*Task brief*: Write out again, word for word, the lines below from the line that holds "Immunocytochemistry/ Immunofluorescence - Anti-Clathrin" through the line that holds "Skin Therapy Light", omitting pictures.

== Input records

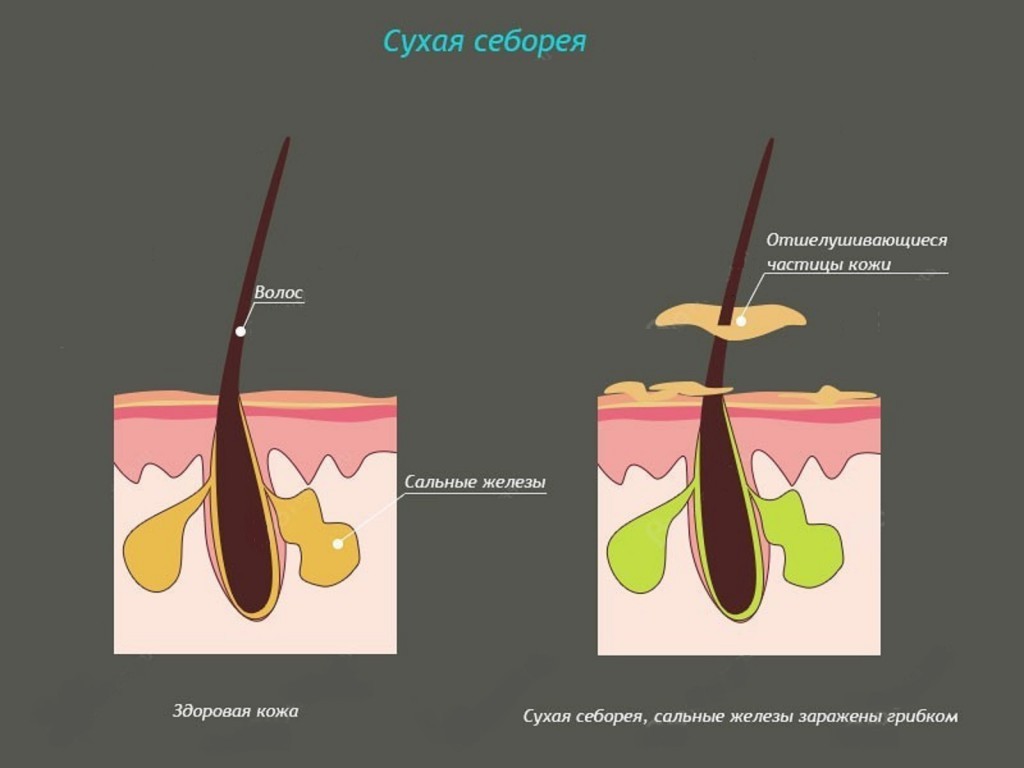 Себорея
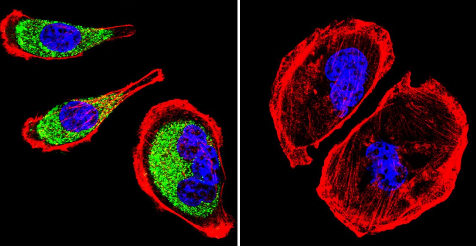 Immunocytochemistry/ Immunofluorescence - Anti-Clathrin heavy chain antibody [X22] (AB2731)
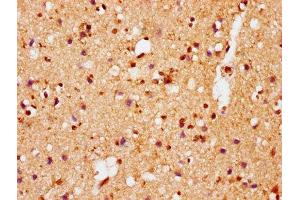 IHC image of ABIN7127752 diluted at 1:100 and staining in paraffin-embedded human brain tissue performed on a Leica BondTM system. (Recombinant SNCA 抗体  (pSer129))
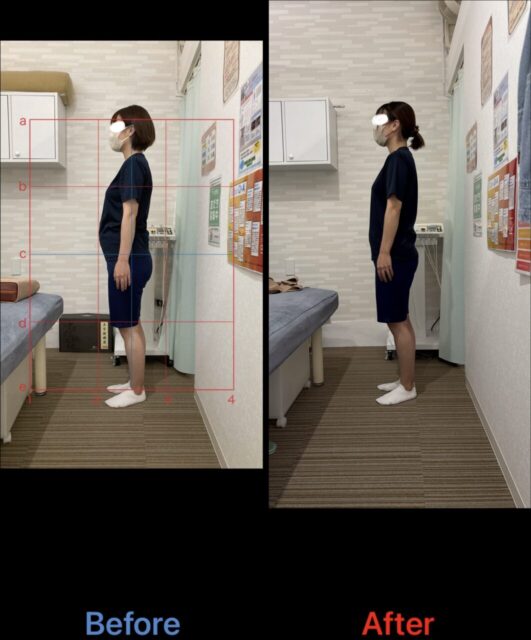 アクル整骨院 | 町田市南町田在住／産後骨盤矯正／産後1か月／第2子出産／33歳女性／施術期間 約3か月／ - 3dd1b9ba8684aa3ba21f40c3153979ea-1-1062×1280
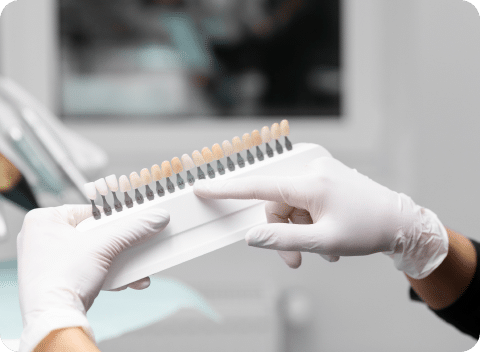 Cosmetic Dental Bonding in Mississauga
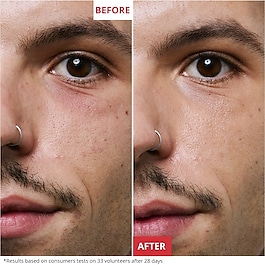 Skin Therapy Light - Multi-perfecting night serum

====
== Input records

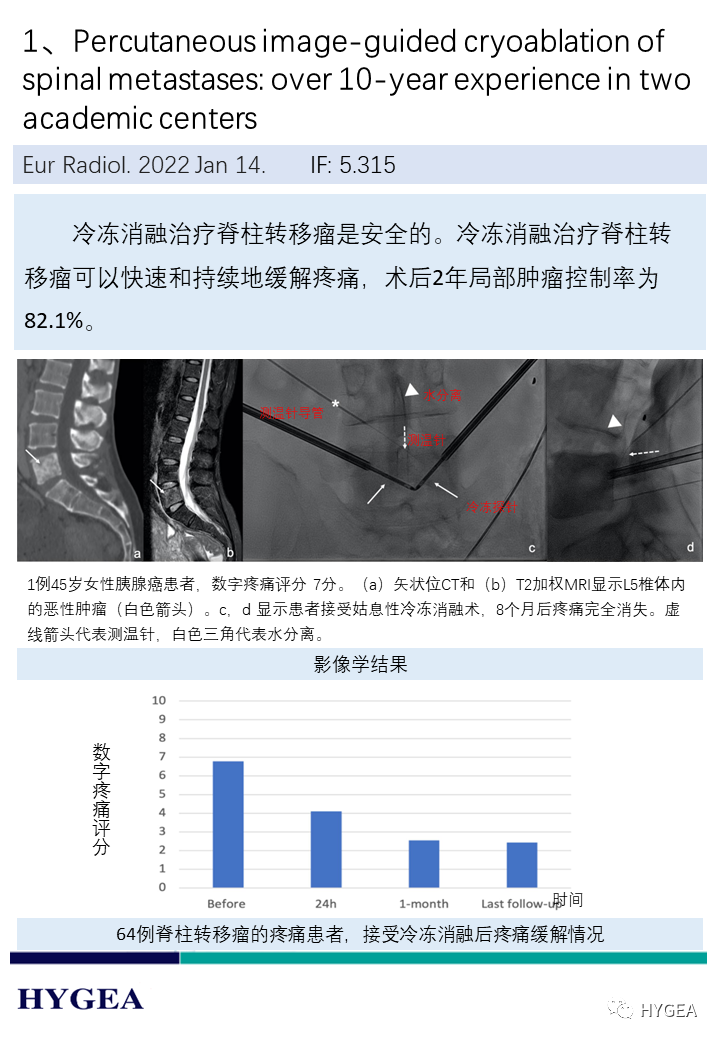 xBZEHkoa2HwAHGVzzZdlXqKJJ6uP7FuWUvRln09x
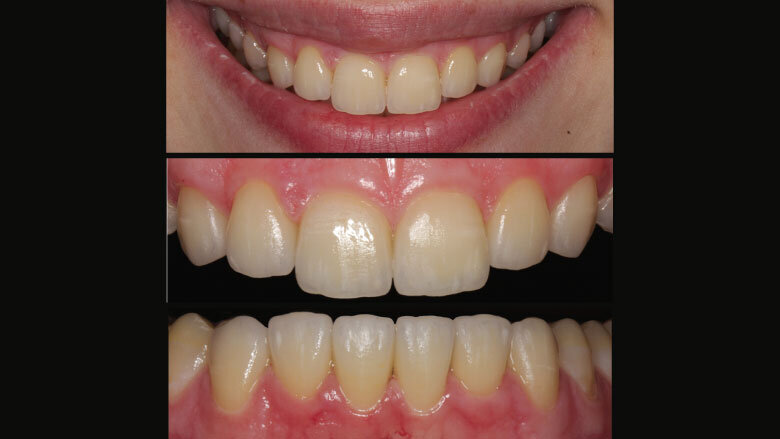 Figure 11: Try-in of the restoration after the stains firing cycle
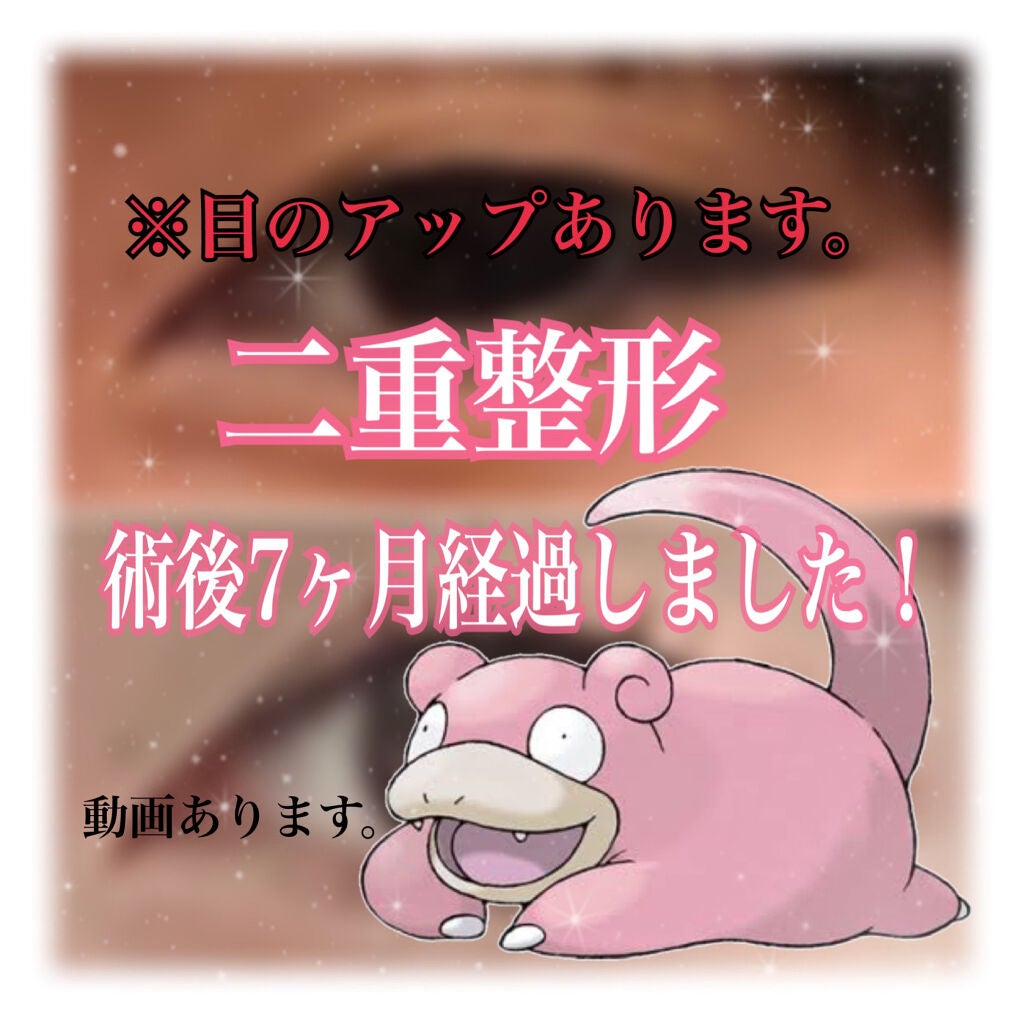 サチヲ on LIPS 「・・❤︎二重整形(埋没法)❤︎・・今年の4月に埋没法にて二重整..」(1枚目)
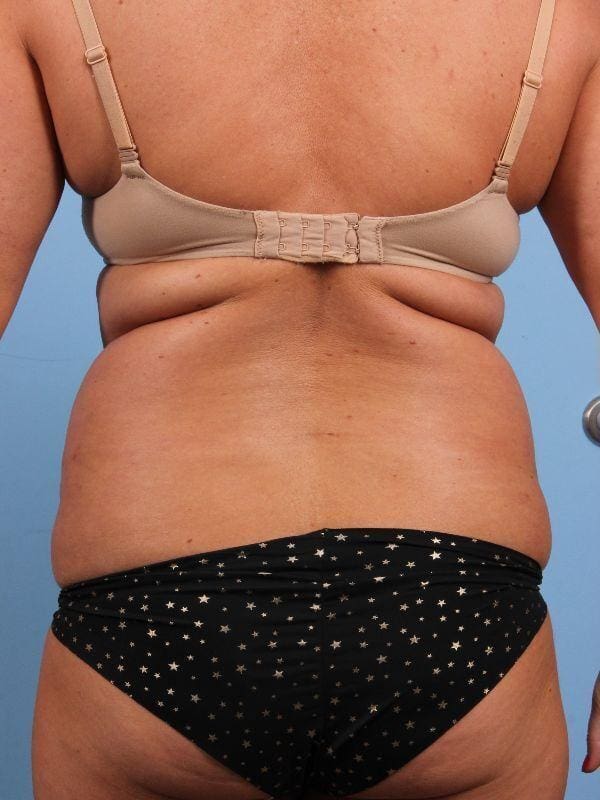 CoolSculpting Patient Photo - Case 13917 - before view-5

====

*Result for this exercise*:
 Immunocytochemistry/ Immunofluorescence - Anti-Clathrin heavy chain antibody [X22] (AB2731)
 IHC image of ABIN7127752 diluted at 1:100 and staining in paraffin-embedded human brain tissue performed on a Leica BondTM system. (Recombinant SNCA 抗体  (pSer129))
 アクル整骨院 | 町田市南町田在住／産後骨盤矯正／産後1か月／第2子出産／33歳女性／施術期間 約3か月／ - 3dd1b9ba8684aa3ba21f40c3153979ea-1-1062×1280
 Cosmetic Dental Bonding in Mississauga
 Skin Therapy Light - Multi-perfecting night serum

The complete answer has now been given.